Monday, March 03, 2025

Singer/actress, dangerous object

Greetings, Puzzlers, and welcome back to Natural Language Puzzling, the blog where we use natural language processing, linguistics and data science to solve the Sunday Puzzle from NPR!

Here's this week's puzzle:

This week's challenge comes from listener Dennis Burnside, of Lincoln, Neb. Think of a famous singer and actress, first and last names, two syllables each. The second syllable of the last name followed by the first syllable of the first name spell something that can be dangerous to run into. What is it?

Let's break this down and determine how we'll approach solving the puzzle.

This is what I call a "Classic format" Sunday Puzzle: Take thing from Class A (singer/actress), apply transformation, yield thing from Class B (something dangerous to run into).

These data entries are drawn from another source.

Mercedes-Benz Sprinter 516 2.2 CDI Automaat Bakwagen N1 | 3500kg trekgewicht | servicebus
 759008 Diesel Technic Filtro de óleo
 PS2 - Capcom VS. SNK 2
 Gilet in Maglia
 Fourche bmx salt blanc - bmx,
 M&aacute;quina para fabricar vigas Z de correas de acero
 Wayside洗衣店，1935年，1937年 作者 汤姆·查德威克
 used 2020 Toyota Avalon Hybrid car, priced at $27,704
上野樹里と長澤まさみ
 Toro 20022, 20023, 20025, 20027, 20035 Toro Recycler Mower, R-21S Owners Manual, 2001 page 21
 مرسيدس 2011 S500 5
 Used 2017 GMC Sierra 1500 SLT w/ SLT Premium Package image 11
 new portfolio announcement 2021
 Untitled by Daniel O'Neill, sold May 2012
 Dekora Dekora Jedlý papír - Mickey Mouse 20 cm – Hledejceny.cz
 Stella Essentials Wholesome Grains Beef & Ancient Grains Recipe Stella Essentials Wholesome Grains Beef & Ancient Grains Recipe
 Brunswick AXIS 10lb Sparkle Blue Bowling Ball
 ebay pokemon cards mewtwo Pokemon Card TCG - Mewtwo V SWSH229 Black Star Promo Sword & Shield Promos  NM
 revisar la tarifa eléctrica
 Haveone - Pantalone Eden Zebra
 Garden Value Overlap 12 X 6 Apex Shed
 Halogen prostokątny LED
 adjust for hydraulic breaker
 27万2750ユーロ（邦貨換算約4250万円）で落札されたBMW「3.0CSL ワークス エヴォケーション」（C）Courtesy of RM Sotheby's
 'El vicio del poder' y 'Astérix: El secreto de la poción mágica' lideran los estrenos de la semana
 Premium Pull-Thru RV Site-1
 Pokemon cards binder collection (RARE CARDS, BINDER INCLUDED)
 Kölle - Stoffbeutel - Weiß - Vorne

So here's what we'll need to solve it:
  • A: list of singer/actresses
    • This is an open class, so we'll need robust coverage
    • We could try finding an existing list online, or cobbling one together from various lists and listicles
    • We could ask a chatbot LLM like ChatGPT/Gemini/etc. to give us a list
  • B: list of things that are dangerous to run into
    • Also open class
    • A little vague. Is it inherently dangerous, or only dangerous if you run into it?
      • e.g., knife vs tree
    • Is there wordplay here? (probably not)
      • e.g., ex-spouse
    • We don't actually need a list here a priori. We can iterate through list A and evaluate the resulting candidates for "something dangerous to run into".
      • We simply need an LLM that can provide us with perplexity scores for sentences
      • We use a sentence template:
        • "Stay alert because running into [BLANK] can be very dangerous."
      • We plug the string derived from combining the two syllables from the singer/actress into the blank, and get a score representing how (im)probable the resulting sentence is (i.e., its perplexity).
      • Ideally, the correct solution will be among those ranked as most probable here.
  • Functions:
    • Syllabification:
      • We need the ability to divide each string into syllables. This is for counting and for forming the "something dangerous" string.
      • This seems simple but it can be messy...
      • We're dealing with names, which can have highly variable orthography and phonology, and pronunciation dictionaries are certain to be missing lots of less frequent names.
      • It's not always easy to determine syllables based on orthography. A sequence of vowels could be a single syllable (a diphthong as in train) or multiple syllables (a hiatus as in trivia)
      • I'm going to rely on the CMU Pronouncing Dictionary, which we can call from within NLTK in Python. Because each syllable is marked with 0, 1 or 2 for stress, we can simply count the number of numeral digits in the pronunciation. For example, the pronunciation for trivia is given as ['T', 'R', 'IH1', 'V', 'IY0', 'AH0'].
      • For strings that are out of vocabulary (OOV), I'll back off to a rule-based approach that tries to count syllables. I plan to use the syllapy library, as described here.
    • String transformation:
      • We also need a simple function to recombine the syllables as described: second syllable of the last name followed by the first syllable of the first name.
      • We'll handle this in python as well.
    • Perplexity scoring:
      • As mentioned above, we'll need an LLM that can give us perplexity scores for sentences. I'm going to use a huggingface transformers implementation of a GPT model. (But stay tuned--I'm building implementations of several other LLMs and we'll be evaluating those in future puzzling!)
That more or less covers my approach. Would you handle this differently? Do you think an LLM could solve this puzzle outright? (So far, the ones I've tried have not managed a solution).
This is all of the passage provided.